North American robot orders remained flat in volume but rose in value in the first quarter, reflecting a shift toward higher-value systems and more selective automation strategies. New data from the Association for Advancing Automation (A3) reveals that the North American companies ordered 9,064 robots worth $580.7 million in Q1 2025, a flat 0.4% year-on-year increase in units but a 15% rise in value, signaling continued demand for higher-value systems.
Automotive OEMs Drive the Quarter
The automotive sector drove growth. Original equipment manufacturers ordered 3,668 robots worth $263 million, up 42% in units and 78% in value compared to Q1 2024. This jump reflects a pivot toward more advanced automation platforms, likely tied to new production lines, EV transitions, or reshoring-linked upgrades.

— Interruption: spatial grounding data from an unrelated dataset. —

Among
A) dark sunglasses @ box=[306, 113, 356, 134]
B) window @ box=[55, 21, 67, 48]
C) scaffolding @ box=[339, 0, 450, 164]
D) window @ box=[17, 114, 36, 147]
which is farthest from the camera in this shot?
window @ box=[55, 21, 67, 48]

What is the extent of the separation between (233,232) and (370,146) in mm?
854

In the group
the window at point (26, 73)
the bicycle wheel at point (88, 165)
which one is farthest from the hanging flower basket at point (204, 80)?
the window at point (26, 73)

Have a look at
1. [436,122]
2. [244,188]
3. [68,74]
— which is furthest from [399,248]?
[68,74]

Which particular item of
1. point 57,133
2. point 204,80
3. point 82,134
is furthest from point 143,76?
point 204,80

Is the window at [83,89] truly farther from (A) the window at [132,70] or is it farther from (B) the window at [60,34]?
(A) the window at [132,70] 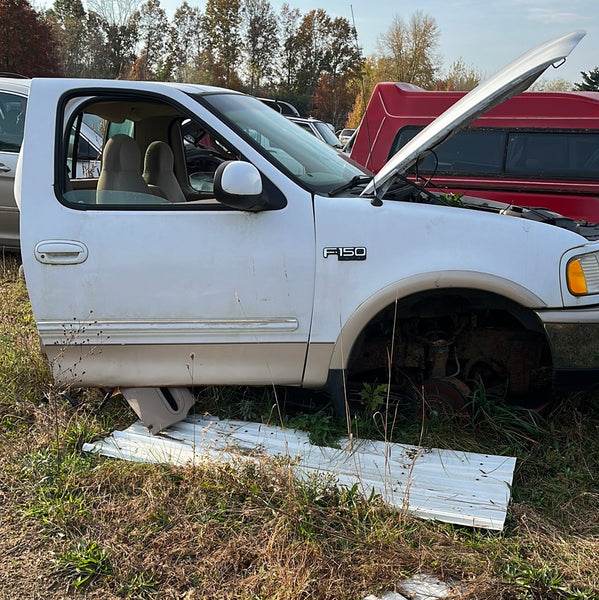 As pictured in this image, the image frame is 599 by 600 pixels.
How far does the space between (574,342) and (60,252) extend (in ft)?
8.59

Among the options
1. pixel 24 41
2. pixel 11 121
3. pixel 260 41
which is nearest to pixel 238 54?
pixel 260 41

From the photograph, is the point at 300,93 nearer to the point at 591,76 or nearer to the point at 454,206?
the point at 591,76

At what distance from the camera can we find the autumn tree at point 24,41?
93.5 feet

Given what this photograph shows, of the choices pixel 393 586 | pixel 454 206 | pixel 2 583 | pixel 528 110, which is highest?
pixel 528 110

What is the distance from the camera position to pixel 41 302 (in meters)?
3.46

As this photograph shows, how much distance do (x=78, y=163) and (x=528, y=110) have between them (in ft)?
14.1

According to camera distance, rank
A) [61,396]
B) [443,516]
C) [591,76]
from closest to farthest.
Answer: [443,516] < [61,396] < [591,76]

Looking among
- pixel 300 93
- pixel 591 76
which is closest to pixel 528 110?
pixel 591 76

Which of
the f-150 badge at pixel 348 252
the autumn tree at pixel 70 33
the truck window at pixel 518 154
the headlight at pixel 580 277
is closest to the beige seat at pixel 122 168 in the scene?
the f-150 badge at pixel 348 252

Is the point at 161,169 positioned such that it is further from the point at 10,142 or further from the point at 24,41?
the point at 24,41

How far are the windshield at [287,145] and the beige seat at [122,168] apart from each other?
648 millimetres

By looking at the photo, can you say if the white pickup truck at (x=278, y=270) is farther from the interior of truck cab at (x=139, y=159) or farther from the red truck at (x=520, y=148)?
the red truck at (x=520, y=148)

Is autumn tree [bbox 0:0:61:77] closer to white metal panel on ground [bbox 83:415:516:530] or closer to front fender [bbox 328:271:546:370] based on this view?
white metal panel on ground [bbox 83:415:516:530]

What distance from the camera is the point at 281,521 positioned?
2.83 meters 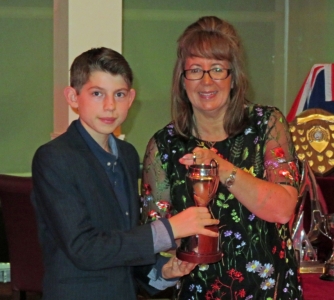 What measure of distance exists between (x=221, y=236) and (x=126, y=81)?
0.52 metres

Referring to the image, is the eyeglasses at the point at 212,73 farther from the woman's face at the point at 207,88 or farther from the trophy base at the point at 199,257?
the trophy base at the point at 199,257

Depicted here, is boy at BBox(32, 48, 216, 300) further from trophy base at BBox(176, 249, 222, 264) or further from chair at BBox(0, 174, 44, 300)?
chair at BBox(0, 174, 44, 300)

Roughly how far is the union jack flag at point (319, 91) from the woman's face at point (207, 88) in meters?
2.53

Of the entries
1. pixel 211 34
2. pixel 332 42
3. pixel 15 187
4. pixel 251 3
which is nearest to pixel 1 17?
pixel 251 3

For supply chain leaders, the trend highlights that automation investments are no longer just about unit count, they’re increasingly about strategic fit. Leaders should reevaluate whether their automation ROI models account for value beyond labor savings, such as throughput stability, rework reduction, and EV-related process complexity.
In contrast, automotive component suppliers saw a 29% drop in unit orders and a 12% decrease in value. This imbalance reflects a familiar reality—OEMs often lead automation cycles, while upstream tiers remain more cautious amid uncertain demand signals. Yet for component makers, this is also a moment to stress-test resilience: if Tier 1 and Tier 2 suppliers delay upgrades too long, they risk falling out of sync with OEM production standards or schedule expectations.
Among non-automotive sectors, results were mixed. Plastics and rubber stood out, with a 12% rise in units and a 33% increase in order value. Other sectors, including metals, semiconductors, and consumer goods, declined year-over-year. These shifts suggest that outside of automotive, manufacturers are targeting automation tactically, using it to address narrow labor or efficiency constraints rather than committing to full-line overhauls.
Cobots Gain Ground in Targeted Environments
Collaborative robots (cobots), while a smaller portion of the total market, continue to outpace broader trends in adoption where flexible, human-centric automation is needed. In Q1 2025, 1,052 cobots were ordered, valued at $39.2 million. They represented 11.6% of all robots ordered and 6.8% of total automation spend.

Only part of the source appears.